Таким образом, проследив в только что сделанном нами обзоре настроение Европы, начиная со шведских интриг в Стокгольме и направляясь через Константинополь, Вену и Мюнхен в самое сердце Европы, мы видели, что великая армия со всех сторон охвачена сетью затаенной вражды; что эта вражда для своего проявления ждет только момента, когда изменит нам судьба, и счастье повернется не в нашу сторону. Вот реванш за ту лесть, которая расточалась триумфатору в Дрездене, вот обратная сторона этой лучезарной картины. Да, короли оказывают Наполеону содействие, но содействие вынужденное. По секрету они говорят, что не признают обязательств, вырванных у них силой. На устах у них любовь и преданность, в сердце – измена; они клянутся в дружбе, на деле же они простые рабы. Подвернется случай порвать цепи, и они без зазрения совести воспользуются им, в уверенности, что найдут в своем народе отклик своим стремлениям и своей ненависти.

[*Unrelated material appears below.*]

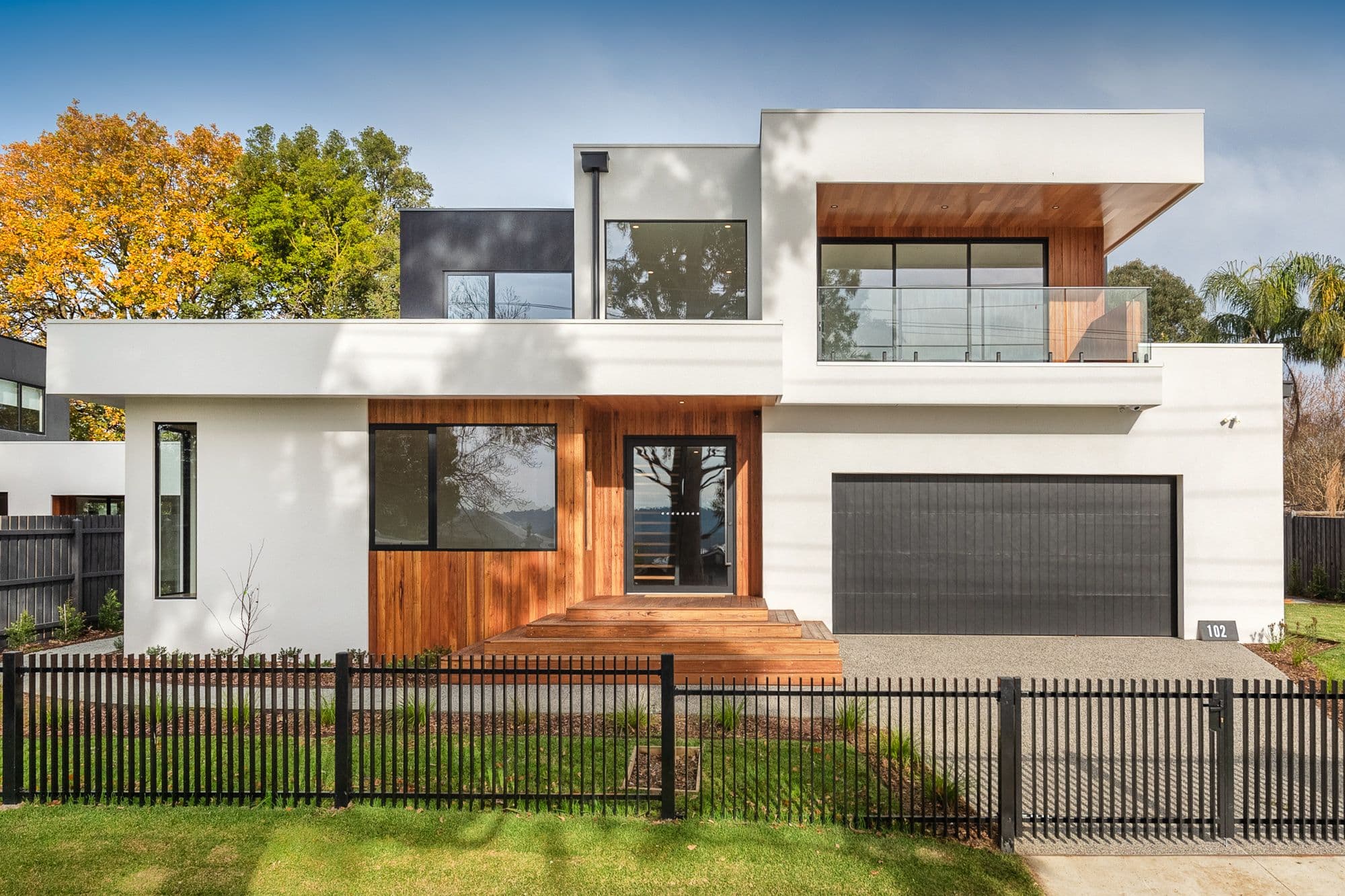102 Brisbane Street, Berwick VIC 3806, Berwick - Image 1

Ближайшие помощники императора – маршалы, корпусные командиры и состоявшие при армии администраторы и чиновники смутно сознавали опасность. Во время похода по Германии они заметили, что идут по минированной почве, где для взрыва достаточно малейшего сотрясения. Коменданты крепостей и начальствующие лица, до французских королей включительно, которых Наполеон поставил на страже Германии, в течение целого года, не переставая, предупреждали его. Осенью 1811 г. Жером написал ему поразительное по своей проницательности письмо[577]. Письма Раппа, коменданта Данцига, полны знаменательными признаниями. В них Рапп высказывает беспокойство по поводу ненависти, которая скапливается вокруг него, хотя он наносит жителям “только неизбежный вред”. Некоторое время спустя он не выдерживает и, выйдя за пределы своей военной компетенции, посылает политическое донесение со следующими выводами: “Всюду умы взвинчены, всюду ожесточение. Дело обстоит так, что, если кампания будет для нас несчастлива (чего нет оснований допускать), все – от Рейна до Сибири – поднимутся против нас. Я не распространитель тревожных слухов, и не люблю слыть за человека, который все видит в мрачном свете, но то, о чем я предупреждаю – достоверно”.[578] Даже Даву – непоколебимый Даву – поддается подобию страха. Он вспоминает, что в 1809 г. дело висело на волоске, и умоляет, чтобы хорошенько вдумались в этот урок.